Records contained in a dataset:
==*==

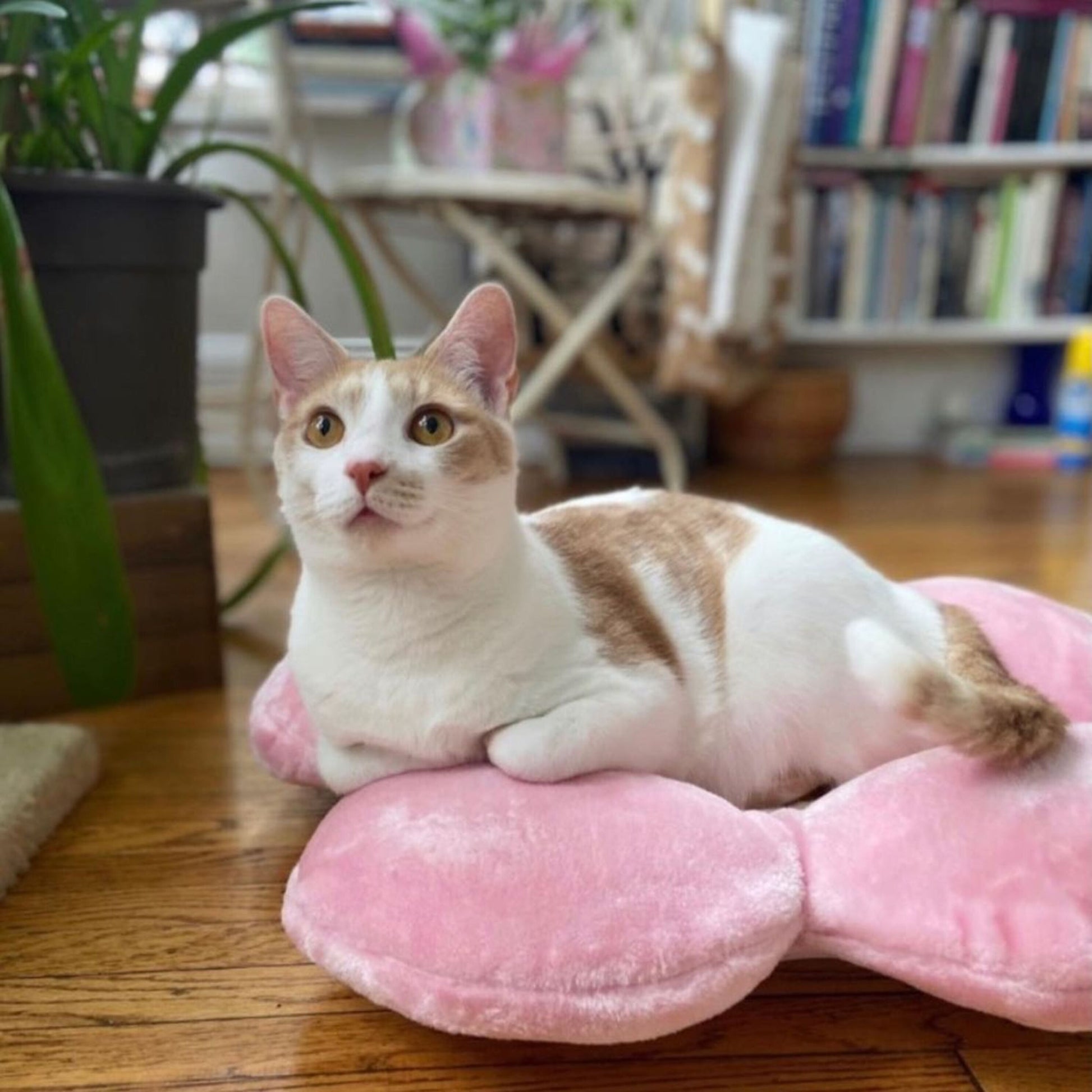 A cat relaxes on a pink pet bed, nestled amidst a floral cat tree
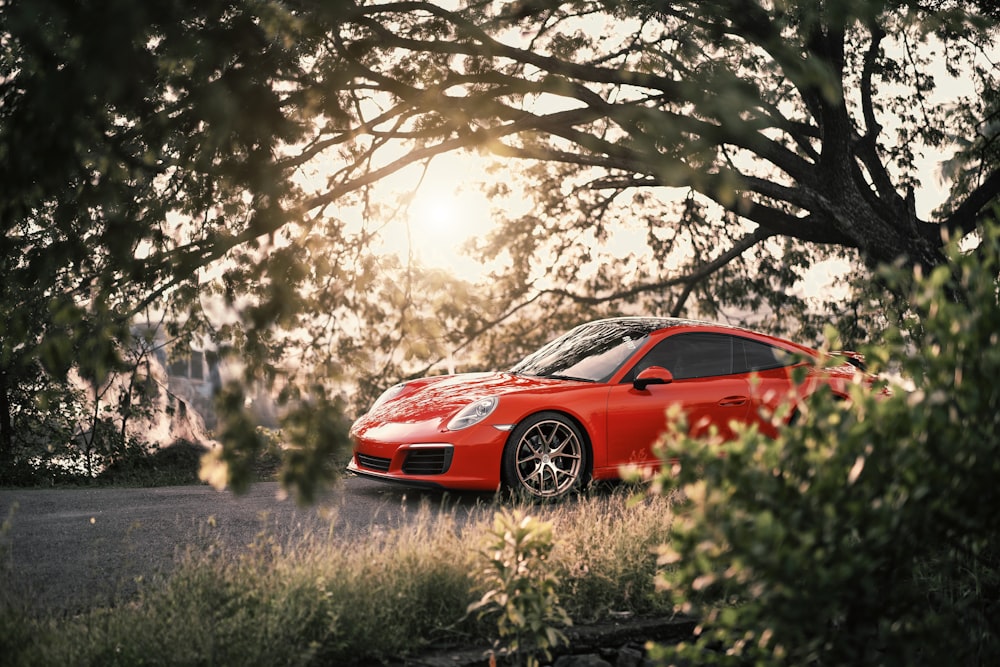 red car beside tree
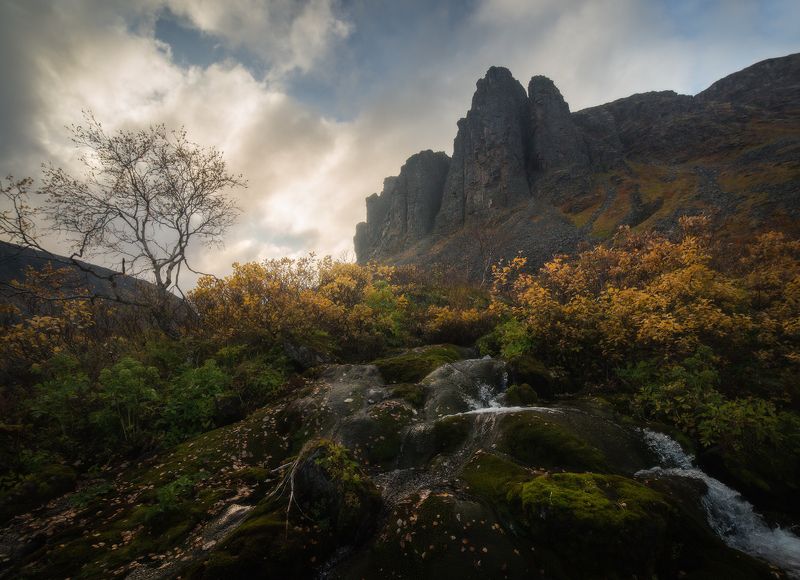 осень, кольский полуостров, горы, ловозёры, тундра, ущелье, чивруай Последний свет осениphoto preview
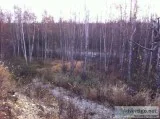 8180 S Kingfisher Drive Wasilla AK 99654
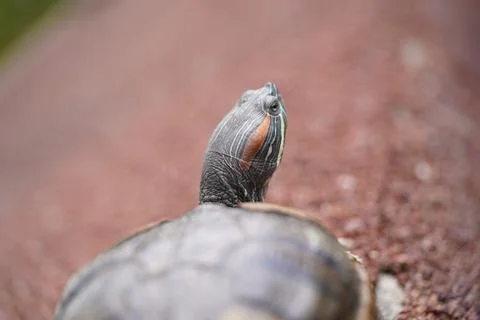 Red Eared Slider Turtle Close Up Reptile Portrait Stock Photos
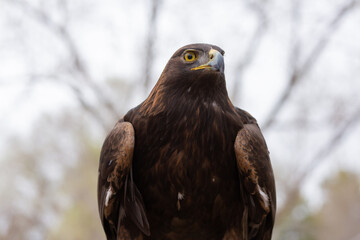 A portrait of a Golden Eagle from the waist up in soft natural light with a background of out of focus tree branches radiating out from behind the bird.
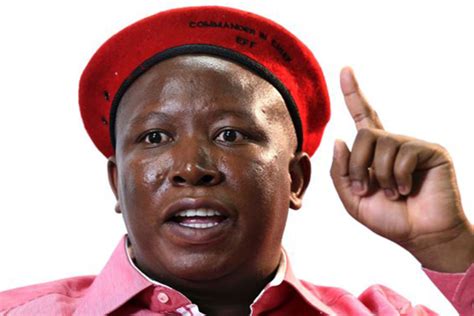 anc to lay criminal charges against malema the citizen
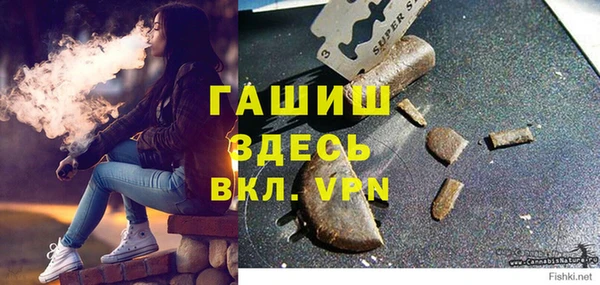 молекула духа Богородицк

==*==

> **What the task asks**: The answer consists of the lines from the one holding "Red Eared Slider" to the end of the records, inclusive, restated exactly and without pictures.

> **Task answer**:
 Red Eared Slider Turtle Close Up Reptile Portrait Stock Photos
 A portrait of a Golden Eagle from the waist up in soft natural light with a background of out of focus tree branches radiating out from behind the bird.
 anc to lay criminal charges against malema the citizen
 молекула духа Богородицк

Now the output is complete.